KIKUJIRO IS world-renowned Japanese actor/filmmaker "Beat" Takeshi Kitano's attempt to try his hand at something other than his usual fare of violent gangster pictures; films whose popularity and undeniable artistry have won him tremendous international prestige and a growing following in this country. Following 1997's surprise art-house hit Fireworks--undoubtedly his most assured blend of the B-grade gangster movie and the art film to date--Kitano felt he was being pigeonholed as a certain kind of filmmaker, and decided to try something different.

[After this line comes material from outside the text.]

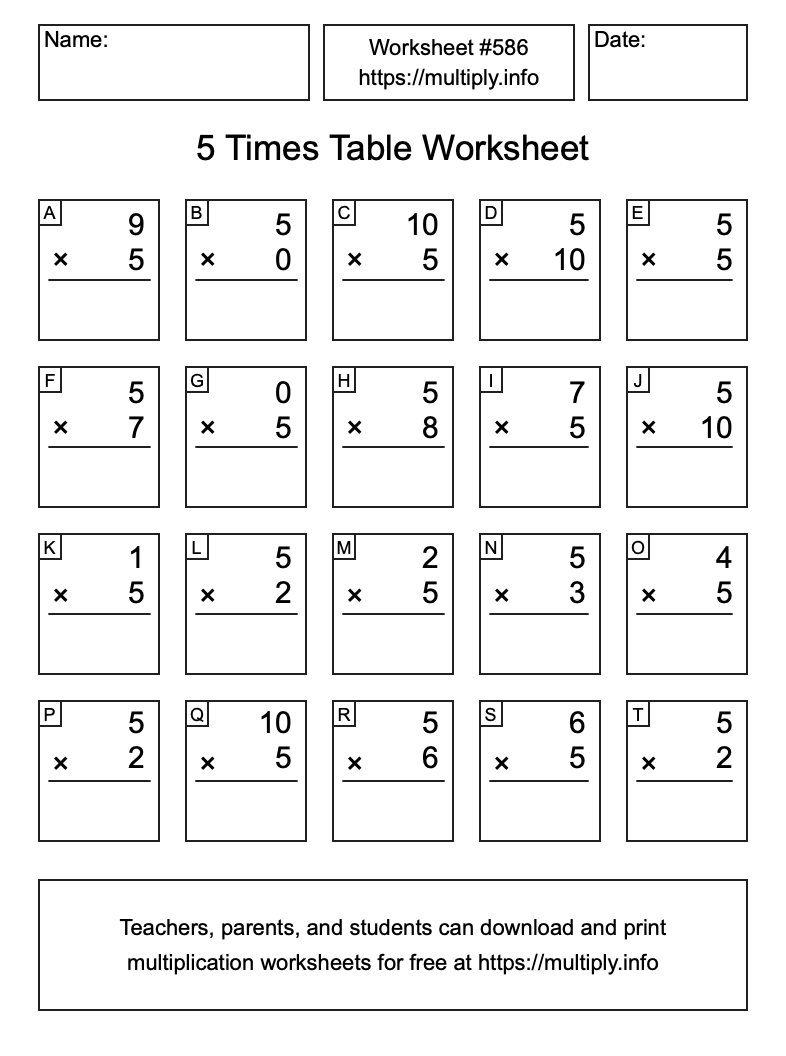 5 Times Table Worksheet #586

Curiously, what he decided to try was a variation on the curmudgeonly-adult-transformed-by-the-innocence-of-a-child genre, and the resulting film is indeed reminiscent of Wim Wenders' genre-defining Alice in the Cities. Unfortunately, Kikujiro fails to hold up to Wenders' masterful example, and although it is full of beautiful moments and suffused with Kitano's trademark stylistic flourishes, it is most likely to disappoint those expecting a film with the magnitude of Fireworks or Sonatine.

Kikujiro tells the story of a nine-year- old boy named Masao, who lives alone with his grandmother and has no one to play with during the summer (all of his friends have gone on vacation with their families, and his grandmother works all day). One day, Masao discovers the photo and address of the mother he has never known and decides to set out in search of her, only to be intercepted by a concerned neighbor as he is "running away from home." She promptly orders her good-for-nothing husband, Kikujiro (played by Kitano himself), to accompany the boy and watch over him, and the odd couple sets out on the open road.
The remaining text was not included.